| Work instruction |
An exact reprint of every record below is required, with the pictures left out.

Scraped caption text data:
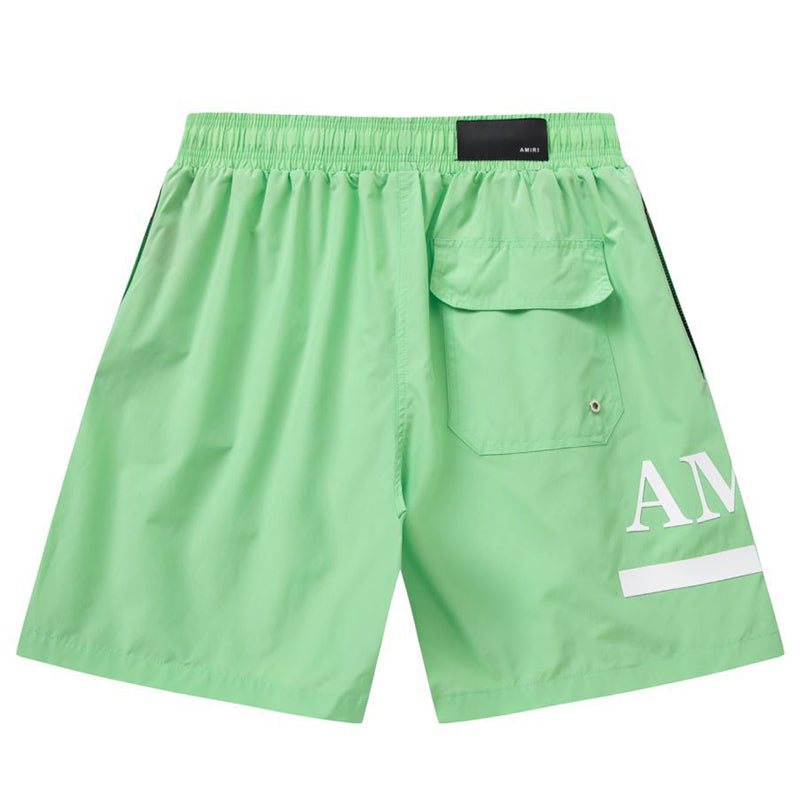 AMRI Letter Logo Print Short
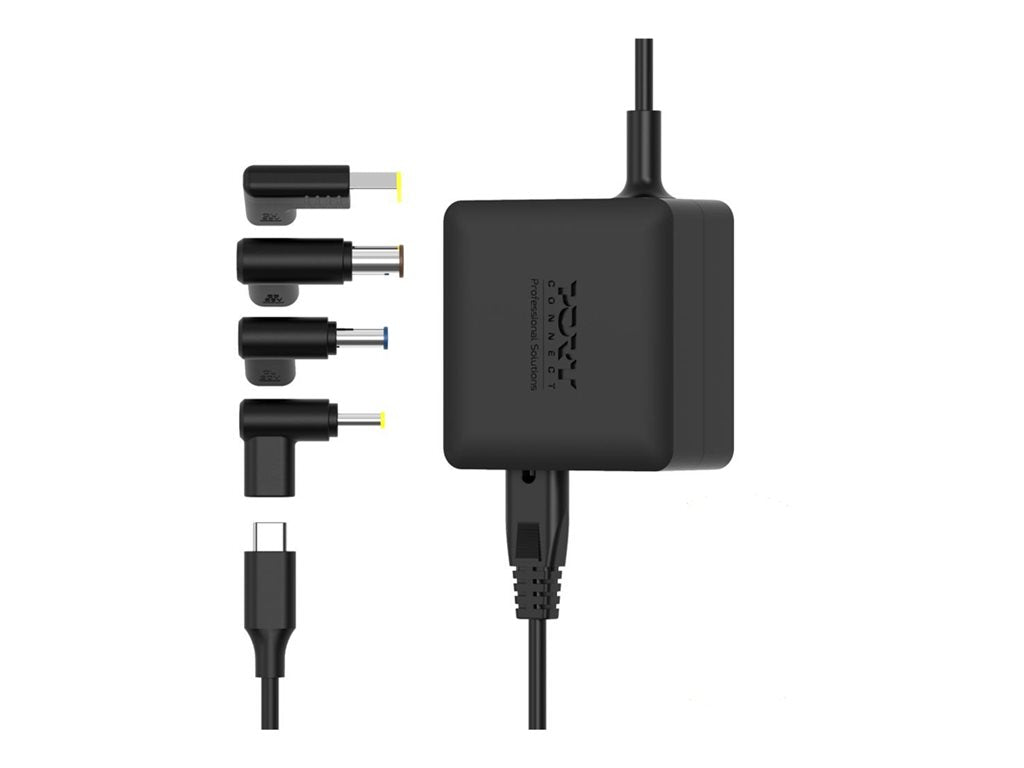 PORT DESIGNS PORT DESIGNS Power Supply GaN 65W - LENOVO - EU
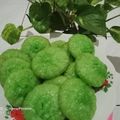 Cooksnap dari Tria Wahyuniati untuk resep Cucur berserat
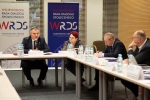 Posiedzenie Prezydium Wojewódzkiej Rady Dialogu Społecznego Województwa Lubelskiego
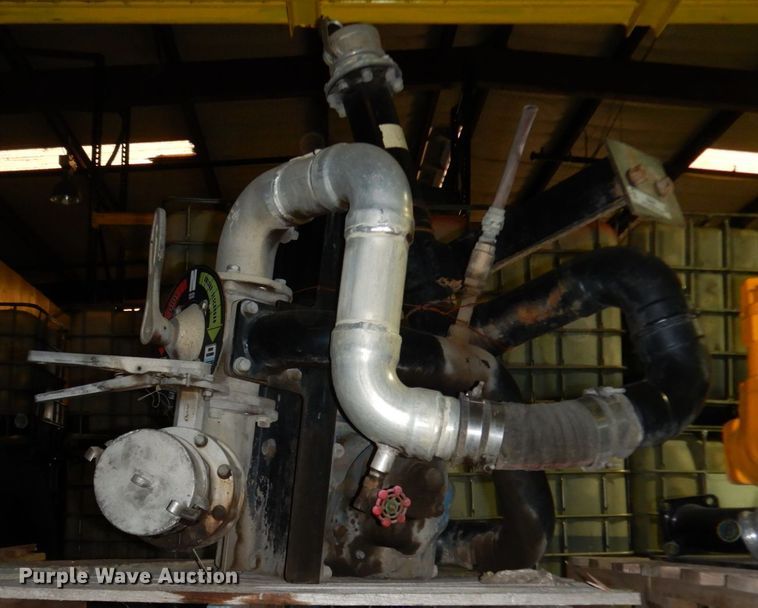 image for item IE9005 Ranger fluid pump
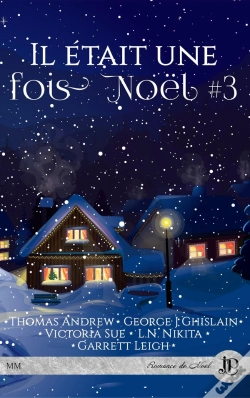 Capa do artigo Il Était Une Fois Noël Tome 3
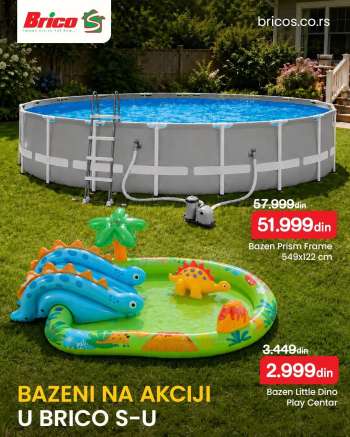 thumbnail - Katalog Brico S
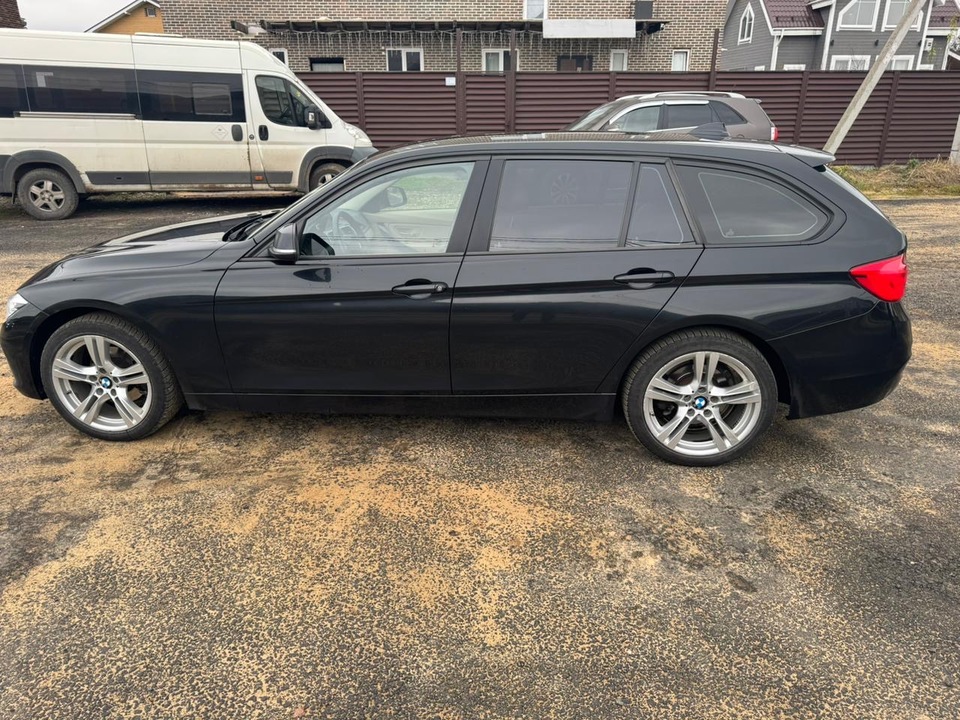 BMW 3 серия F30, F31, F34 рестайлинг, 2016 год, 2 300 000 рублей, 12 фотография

| Exercise output |
 AMRI Letter Logo Print Short
 PORT DESIGNS PORT DESIGNS Power Supply GaN 65W - LENOVO - EU
 Cooksnap dari Tria Wahyuniati untuk resep Cucur berserat
 Posiedzenie Prezydium Wojewódzkiej Rady Dialogu Społecznego Województwa Lubelskiego
 image for item IE9005 Ranger fluid pump
 Capa do artigo Il Était Une Fois Noël Tome 3
 thumbnail - Katalog Brico S
 BMW 3 серия F30, F31, F34 рестайлинг, 2016 год, 2 300 000 рублей, 12 фотография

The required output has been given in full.